Time flies by more quickly with every change of the calendar. I suppose that’s how 15 years have flown by since the remnants of Hurricane Ivan fostered a tornado outbreak in northern Virginia on September 17 2004. Back then my chase gear consisted of a very early digital camera (2 MP!), a weather radio, and paper maps. Oh, and NO mobile data.
After reviewing the data we had access to and extrapolating from radar trends we – my son, his then-fiance (now wife) and I – motored northwest in a two car convoy up U.S. Route 17 from our home in the Fredericksburg area. Cruising the back roads of Fauquier county we finally found a spot from which we witnessed the storm approaching from the south:
Continuing on those rural roads we found an open farm field from which we called in a tornado report based on our view of the storm base, large wall cloud, and the top half of a persistent and robust funnel. (A distant tree-line obscured our view of the ground.) NWS Sterling issued a tornado warning on that storm shortly thereafter. That tornado was later rated an F3 per their damage survey.

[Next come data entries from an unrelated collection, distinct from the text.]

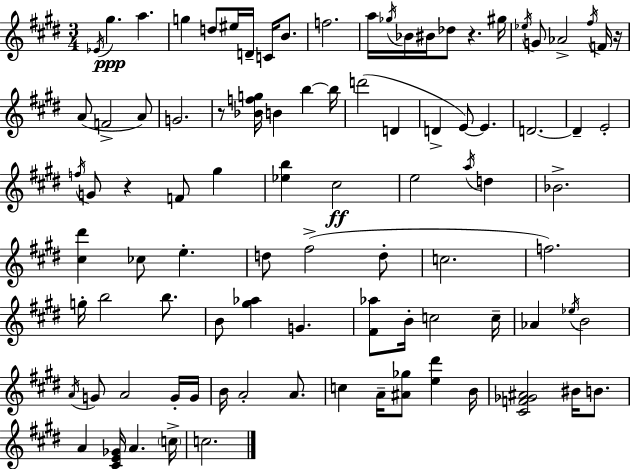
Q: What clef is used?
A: treble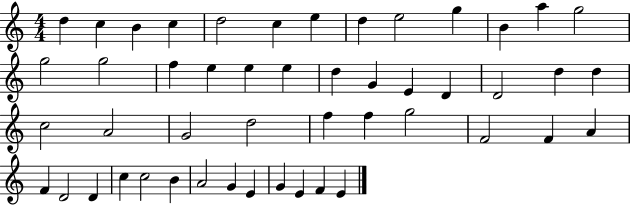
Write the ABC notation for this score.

X:1
T:Untitled
M:4/4
L:1/4
K:C
d c B c d2 c e d e2 g B a g2 g2 g2 f e e e d G E D D2 d d c2 A2 G2 d2 f f g2 F2 F A F D2 D c c2 B A2 G E G E F E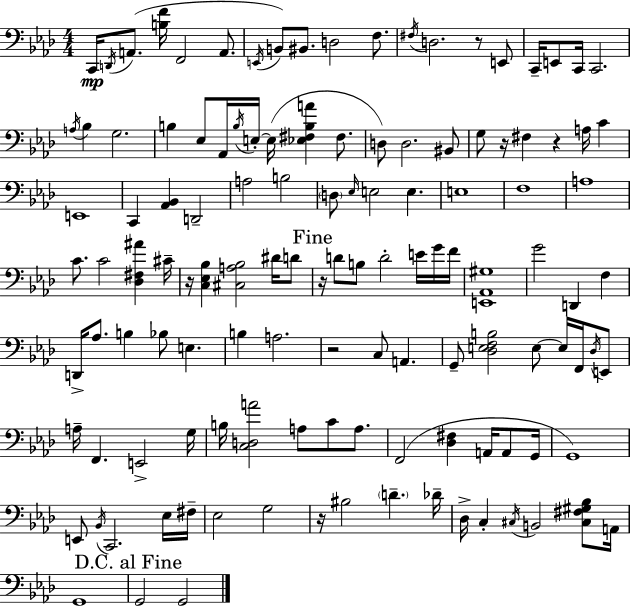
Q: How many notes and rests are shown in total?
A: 124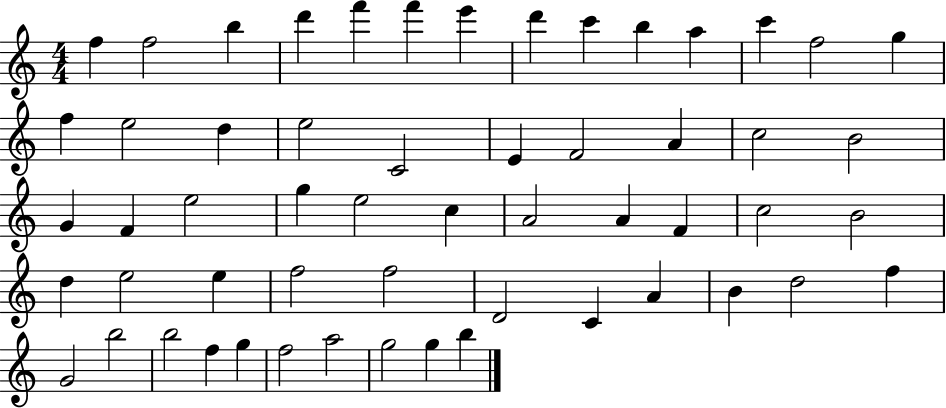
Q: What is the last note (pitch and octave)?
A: B5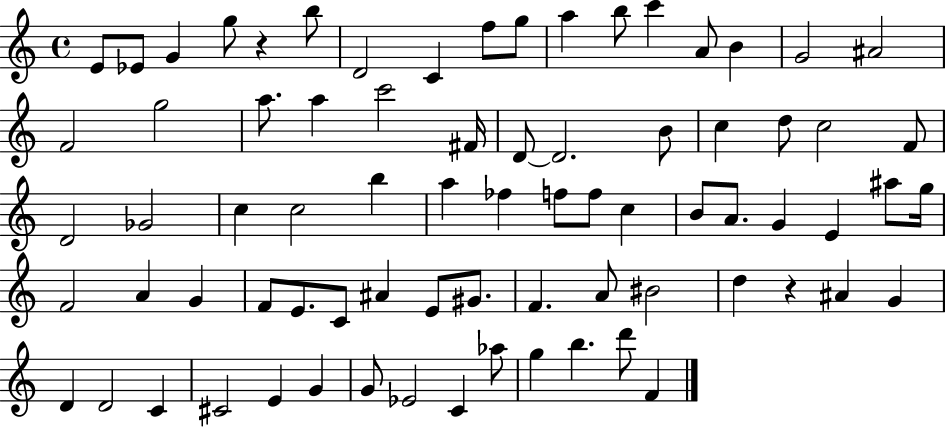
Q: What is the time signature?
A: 4/4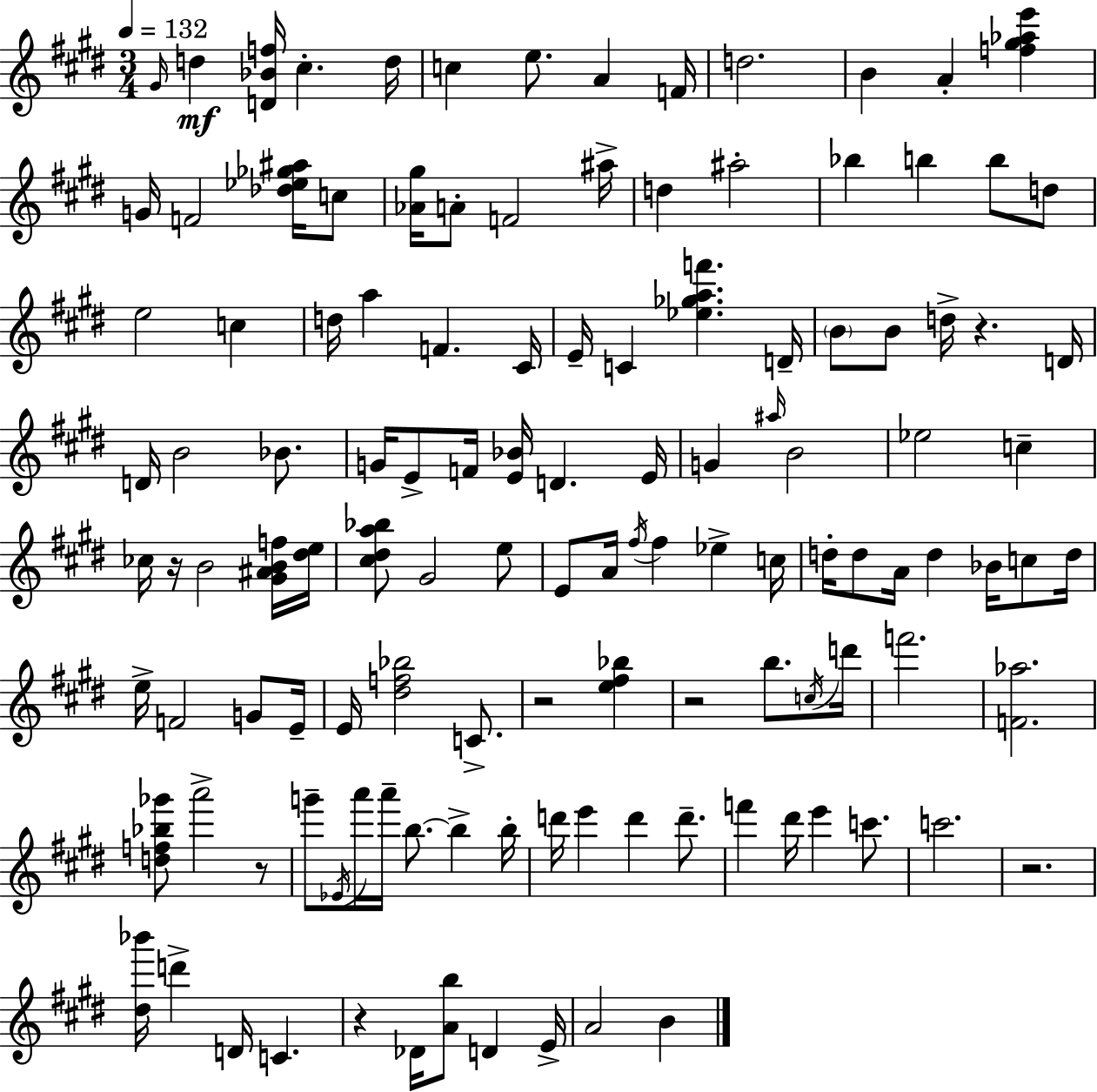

Continuing northwest on Rte 17 we turned north on U.S. Route 29 toward Warrenton. After we diverted onto more back roads we wound up just behind the tornado, driving through parts of the damage path just as law enforcement officials were closing the side roads. We finally came out again on Rte 29 northeast of town and stopped on the shoulder with this view of the tornado less than 400 yards away:
Despite – again! – not having a clear view of the ground to tell whether the circulation was on the ground we realized it was still a tornado when we re-entered the damage path not far north of our roadside vantage point.
Given that it was a Friday afternoon and the traffic streaming out of the DC area was rising to epic proportions we turned east on a side road, stopping literally in the damage path as the parent storm bulldozed northward. We did watch a couple other storms and saw another funnel that afternoon but we’d already encountered the strongest tornado of the outbreak.